Virginian-Pilot


DATE: Saturday, October 25, 1997            TAG: 9710250340

SECTION: LOCAL                   PAGE: B1   EDITION: FINAL 

TYPE: Column 

SOURCE: Guy Friddell 

                                            LENGTH:   52 lines




THE CONSTANT DASH FOR CASH PUTS SQUEEZE ON BASEBALL

Money is ruining America's favorite pastime.

No, I'm not talking about sex. It's baseball. At least, that's what everybody says.

Striving to make ever more money, the moguls who run baseball added playoffs that push the World Series to winter's doorsill.

In Ohio, the Cleveland Indians and the Florida Marlins were playing amid snow flurries.
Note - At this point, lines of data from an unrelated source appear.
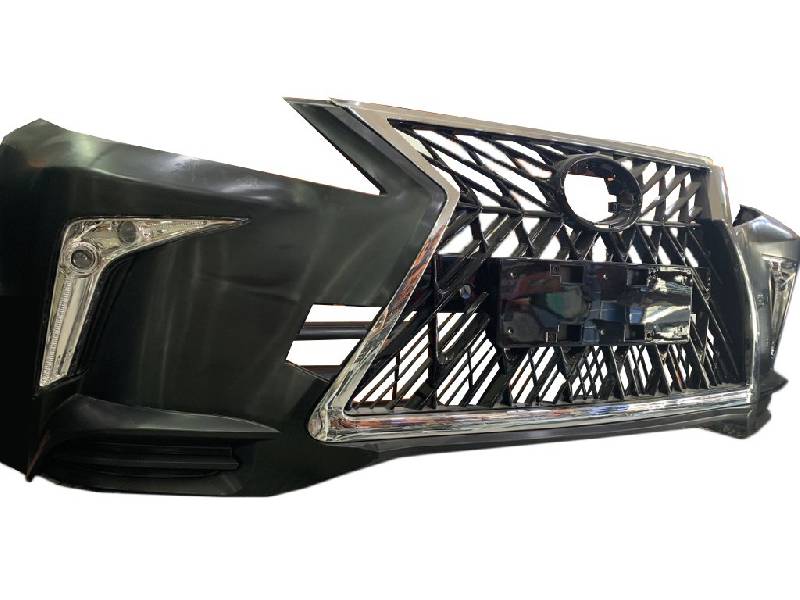 Комплект обвісів Lexus-TRD V1 Toyota Fortuner 2015- рр.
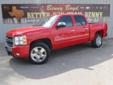 .
2011 Chevrolet Silverado 1500
$27989
Call (806) 686-0597 ext. 140
Benny Boyd Lamesa Chevy Cadillac
(806) 686-0597 ext. 140
2713 Lubbock Highway,
Lamesa, Tx 79331
Yes, I am as good as I look! Does it all! Momentous offer!!! Priced below NADA Retail!!!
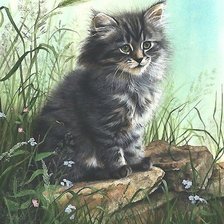 Схема вышивки «№2032381»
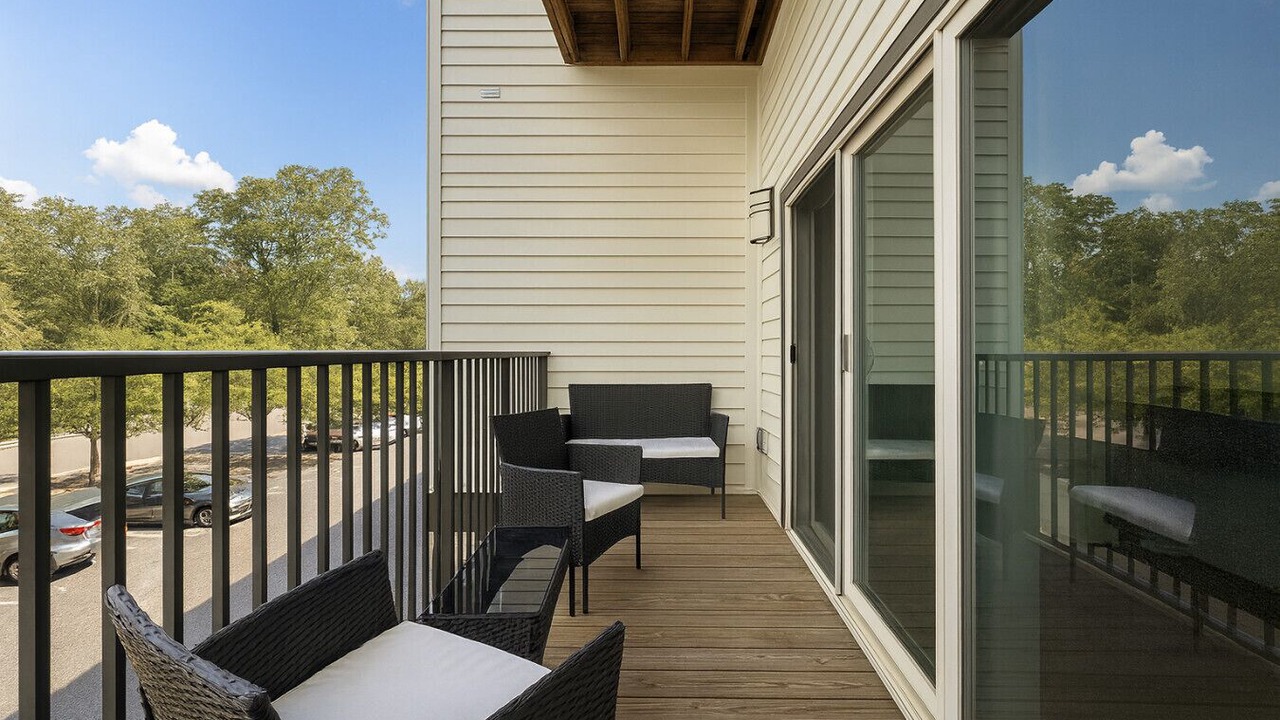 Photo of Patio Balcony in Glen Iris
I got off the sofa to fetch a blanket, first shoving the dog off my ankles.

To increase profits by catching the biggest possible television audience, they shoved back the start of the game into prime time, near 8:30 p.m., which is wrecking my health.

About 11:15 p.m., I fall asleep in front of the TV and waken at 2 a.m. to some raucous rerun, a panel of politicians brawling about some issue dear only to their hearts.

I eat a banana, which somebody told me induces sleep, as, indeed, it does at about 4 a.m., until the dog awakens me at 5:30 a.m. for a walk.

I have yet to see the end of a single game in the World Series.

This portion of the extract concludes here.